Il 30 giugno, il governo olandese ha ad esempio introdotto l’obbligo di richiesta di licenza di esportazione per il maggiore produttore mondiale di equipaggiamenti per la realizzazione di chip, la compagnia ASML. Quest’ultima costruisce apparecchiature in grado di produrre i chip più piccoli attualmente in circolazione e ricava dal mercato cinese una buona parte dei propri profitti. In precedenza, anche il Giappone aveva messo dei limiti all’export di una ventina di sistemi destinati alla produzione di chip.

Il provvedimento appena adottato dalla Cina minaccia ora le attività di questo settore, con implicazioni preoccupanti per gli Stati Uniti e i loro alleati. Il gallio è una materia prima utilizzata, tra l’altro, nelle reti e nei veicoli elettrici, nelle infrastrutture per le telecomunicazioni, nei missili e, soprattutto, nei sistemi radar. Viene spesso associato ad altri elementi per migliorare la velocità di trasmissione e l’efficienza di dispositivi come gli schermi dei telefoni cellulari e i pannelli solari. Il germanio trova impiego in particolare nella fibra ottica e nelle celle fotovoltaiche usate per alimentare molti satelliti.

Le carte a disposizione di Pechino per mettere in atto ritorsioni contro gli Stati Uniti sono comunque molteplici. Queste restrizioni sono solo un antipasto di quanto potrebbe fare la Cina per rispondere alle sanzioni occidentali. Commentatori cinesi già parlano ad esempio del possibile allargamento a breve delle restrizioni all’export di un altro metallo, l’indio (In), anch’esso impiegato nella produzione dei chip. Complessivamente, secondo gli stessi dati del governo americano, tra il 2017 e il 2020 gli Stati Uniti hanno acquistato dalla Cina il 78% delle proprie importazioni di “terre rare”.

È difficile credere che gli ultimi governi americani non abbiano preso in considerazione i possibili provvedimenti che Pechino avrebbe potuto adottare in risposta alle sanzioni decise nel quadro della competizione commerciale-tecnologica con la Repubblica Popolare. Nel 2019, le autorità cinesi avvertirono l’amministrazione Trump che alle sanzioni allora imposte a Huawei avrebbero potuto fare seguito restrizioni alla vendita di “terre rare”. Trump non avrebbe comunque fatto passi indietro, mentre Biden ha in seguito aumentato le pressioni con l’implementazione del “CHIPS Act” nell’agosto 2022 e in seguito con i già ricordati limiti alle forniture di chip alla Cina.

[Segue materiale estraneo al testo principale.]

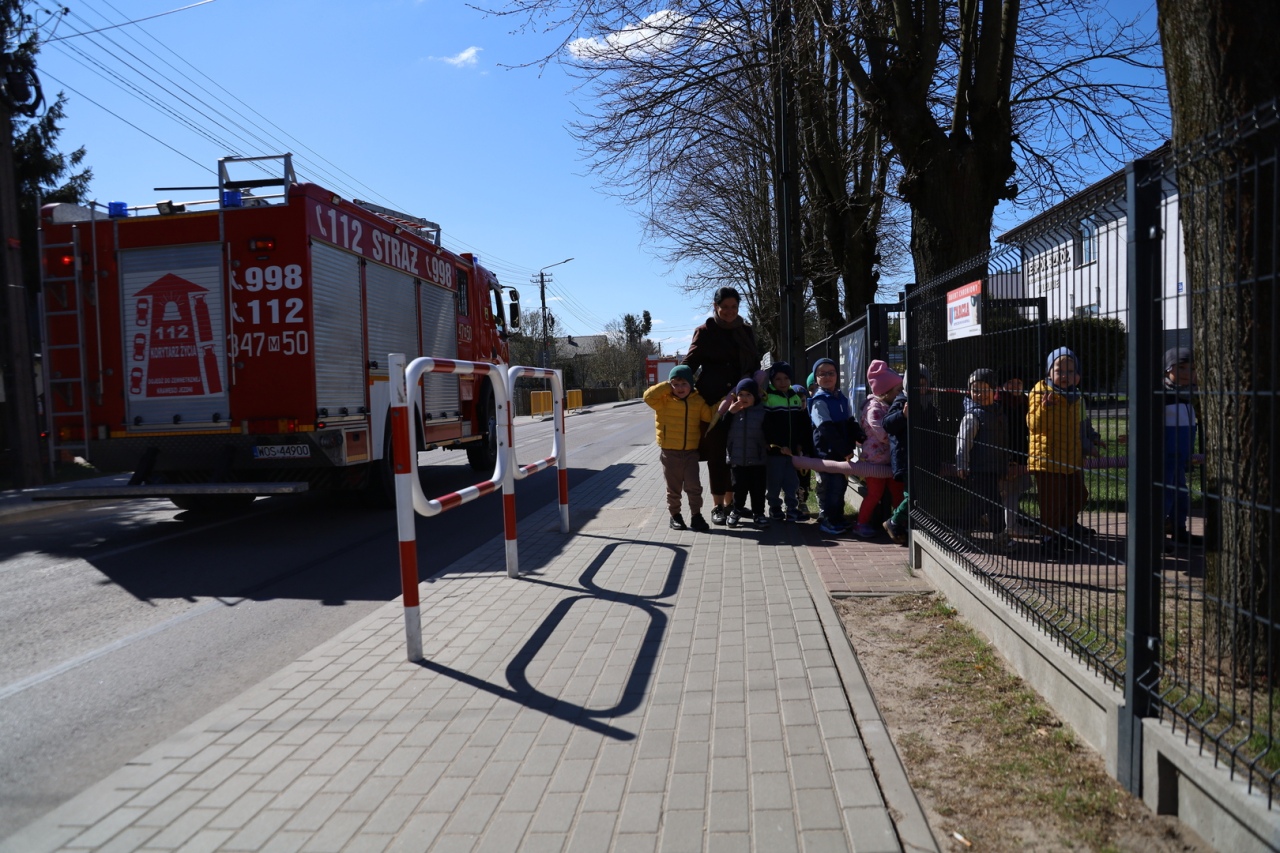 Wielka akcja strażaków w szkołach i pod kościołami. Co się działo w gminie Lelis? [21.04.2026] - zdjęcie #25 - eOstroleka.pl
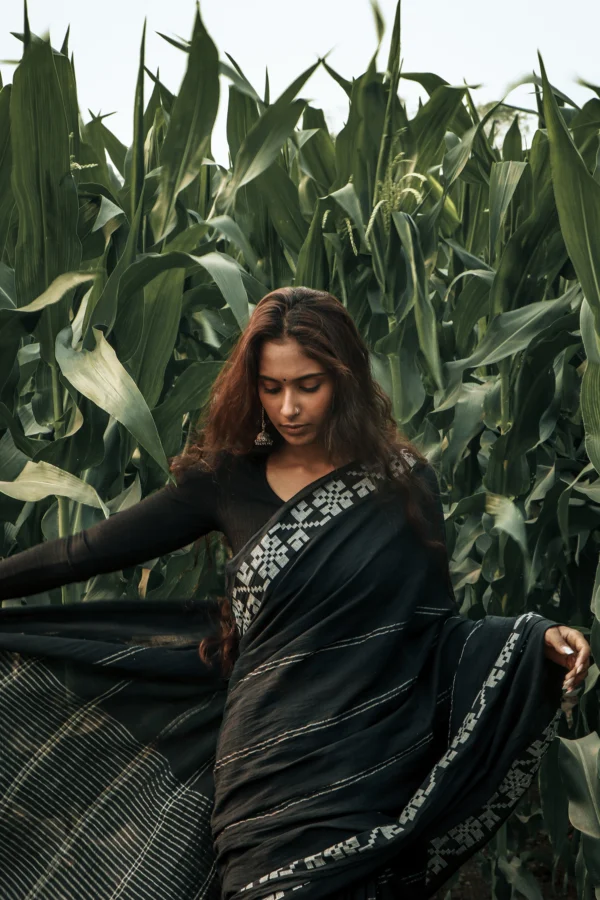 Lata - Black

L’analista di geopolitica Thomas W. Pauken, in un’intervista alla rete russa Sputnik, ha ricordato nei giorni scorsi come mesi fa erano già stati previsti gli effetti controproducenti della strategia cinese di Washington. “Se gli USA dovessero procedere con il ‘decoupling’”, ovvero la separazione della loro economia da quella della Cina, “farebbero soltanto un danno a loro stessi, dal momento che la gran parte della catena di approvvigionamento dell’alta tecnologia ha origine in Cina”.

Molti commentatori hanno infine evidenziato come la Cina sia in grado di sopperire alle carenze di prodotti tecnologici impossibili o più difficili da importare a causa delle sanzioni americane. Gli investimenti cinesi nella ricerca e sviluppo nel campo dei semiconduttori sono infatti aumentati in maniera consistente e già oggi la produzione di chip sta tenendo il passo della domanda interna. Anche se resta il gap tecnologico per quanto riguarda le versioni più avanzate, tutto fa pensare che la Repubblica Popolare abbia strumenti e risorse necessarie per agganciare in un futuro non molto lontano i paesi rivali.